La forêt française gagne du terrain. Mais l’augmentation de la surface forestière signifie-t-elle pour autant que nos forêts sont en bonne santé ? Pas forcément.
De 1985 à nos jours, le massif forestier français est passé de 14,1 millions à 16,9 millions d’hectares, soit une augmentation de la surface forestière de 0,7 % par an.
💬 « Bonne nouvelle » me direz-vous, « la forêt s’étend, c’est qu’elle doit être en bonne santé ! ».
Et bien pas forcément !
Si la surface forestière métropolitaine a augmenté ces dernières années, c’est notamment parce que nous lui avons « fichu la paix ». La déprise agricole a rendu accessibles à la forêt de grandes surfaces agricoles inexploitées, permettant ainsi à de nouveaux espaces de se boiser.
Mais ces terrains délaissés ne sont pas les seuls à contribuer à l’augmentation de la surface forestière. De nombreuses parcelles sont également boisées grâce à la plantation de jeunes arbres.
Et c’est là que se pose une autre question : quelle forêt sommes-nous en train de faire grandir ?
Souvent composées d’une seule essence, près de la moitié de la forêt française est constituée de peuplements monospécifiques, c’est-à-dire de peuplements composés d’une seule essence.
Ainsi, on constate aujourd’hui en France une faible diversification des peuplements forestiers.
Cette faible diversification se retrouve notamment dans les essences plantées. Aujourd’hui, 5 essences principales représentent 71 % de la forêt plantée.
Parmi les trois principales essences plantées, on retrouve :
🥇 Le Pin maritime
Principalement présent dans le Sud-Ouest, le Pin maritime est apprécié pour différents usages du bois, notamment la construction de charpentes, les parquets, l’emballage et la papeterie.
🥈 Le Douglas
Le fameux Douglas, originaire d’Amérique du Nord, est un arbre à croissance rapide, majoritairement planté dans le Massif central. Son bois est notamment utilisé pour la construction extérieure.
🥉 L’Épicéa commun
Fidèle arbre de Noël, l’Épicéa commun est notamment présent dans les massifs des Alpes, du Jura et des Vosges.
Son bois, résistant et facile à travailler, sert notamment à fabriquer de la pâte à papier et des charpentes.
À cette faible diversification des peuplements s’ajoute une autre caractéristique : le jeune âge de nos forêts.
Aujourd’hui, 50 % des arbres présents en métropole ont moins de 60 ans. L’âge moyen des arbres issus de plantations tombe même à moins de 30 ans.
Une forêt qui s’étend n’est donc pas nécessairement une forêt qui se porte bien. La surface forestière est un indicateur important, mais elle ne suffit pas à elle seule à rendre compte de la santé et de la diversité des écosystèmes forestiers.
Le manque de diversification des espèces plantées et le jeune âge de nos forêts affaiblissent les écosystèmes forestiers, qui sont alors moins résilients.

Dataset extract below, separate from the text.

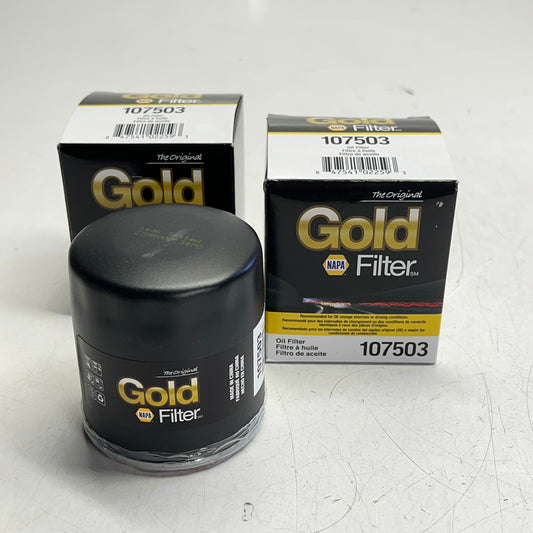 NAPA Gold Filter Oil Filter for Audi, Volkswagen & Seat 3/4 in-16 Thread 107503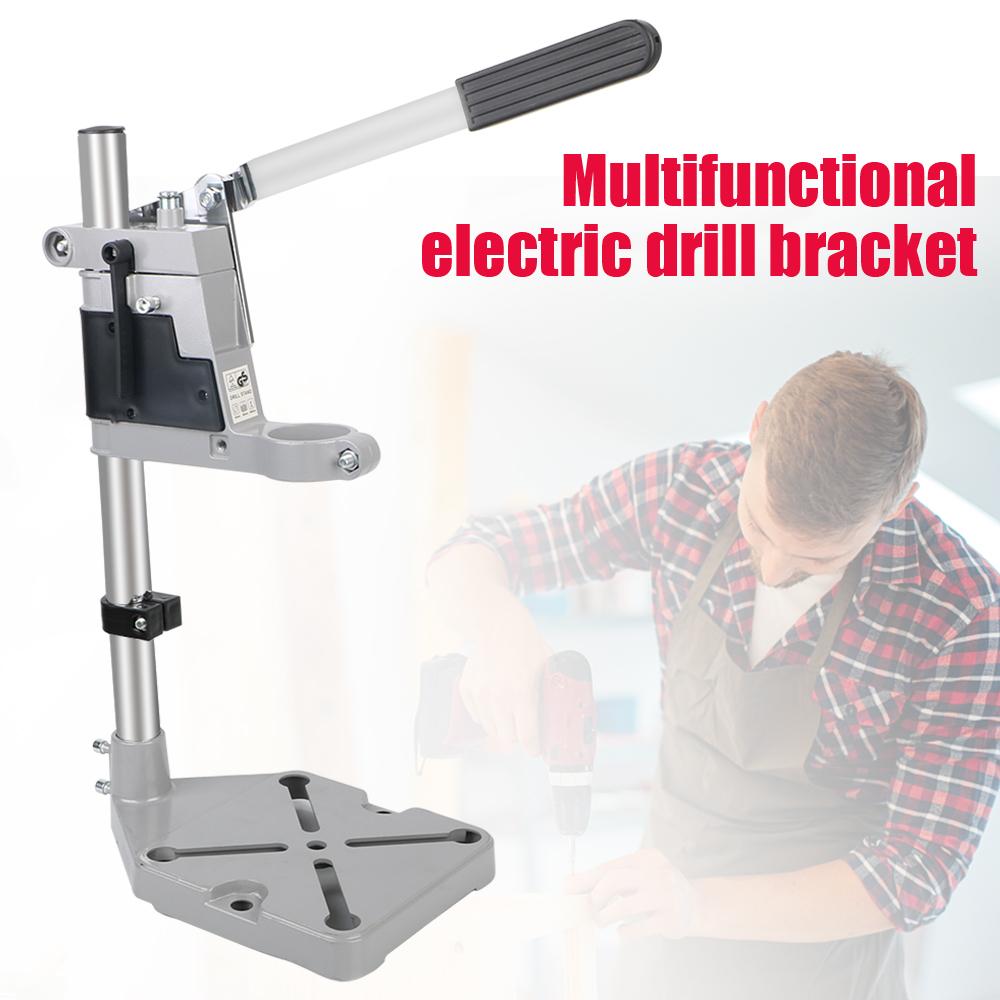 400mm Drill Holder Power Grinder Accessories For Woodwork Rotary Tool Bench Drill Stand Single-Head Base Frame Electric Drill Bracket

Dans certains cas, ces peuplements peuvent même finir par ne plus ressembler qu’à un « champ d’arbres », sans autre biodiversité que l’espèce cultivée.
En remplaçant de nombreuses espèces indigènes de nos territoires, ces forêts sont d’autant plus fragilisées face aux différentes pressions auxquelles elles sont confrontées : changement climatique, maladies et intempéries, comme les feux de forêts ou les inondations.
La question n’est donc pas seulement de savoir si la forêt française gagne des hectares, mais aussi de savoir quelle diversité et quelle résilience nous construisons pour les forêts de demain.
Fin 2020, le Comité gestion durable des forêts, qui réunit des acteurs publics et privés de la filière, des chercheurs et des associations, avait jugé nécessaire, en contrepartie des futures aides, d’atteindre un taux de diversification de 30 % minimum pour les parcelles dès 4 hectares.
Une proposition jugée trop exigeante pour les coopératives forestières, adeptes des monocultures intensives ?
Le ministre a finalement abaissé ce taux à 20 %, et uniquement à partir de 10 hectares.
Face à ces constats, il est de notre devoir de nous mobiliser pour préserver les forêts françaises.
Chez Cœur de Forêt, nous défendons une gestion forestière douce, respectueuse de la biodiversité et attentive à la diversité des peuplements forestiers.
Car une forêt qui grandit n’est pas nécessairement une forêt en bonne santé. La diversification des peuplements et la préservation de la biodiversité sont essentielles pour construire des écosystèmes forestiers plus résilients.
Ensemble, mobilisons-nous pour préserver les forêts françaises et promouvoir une gestion forestière douce, respectueuse de la biodiversité.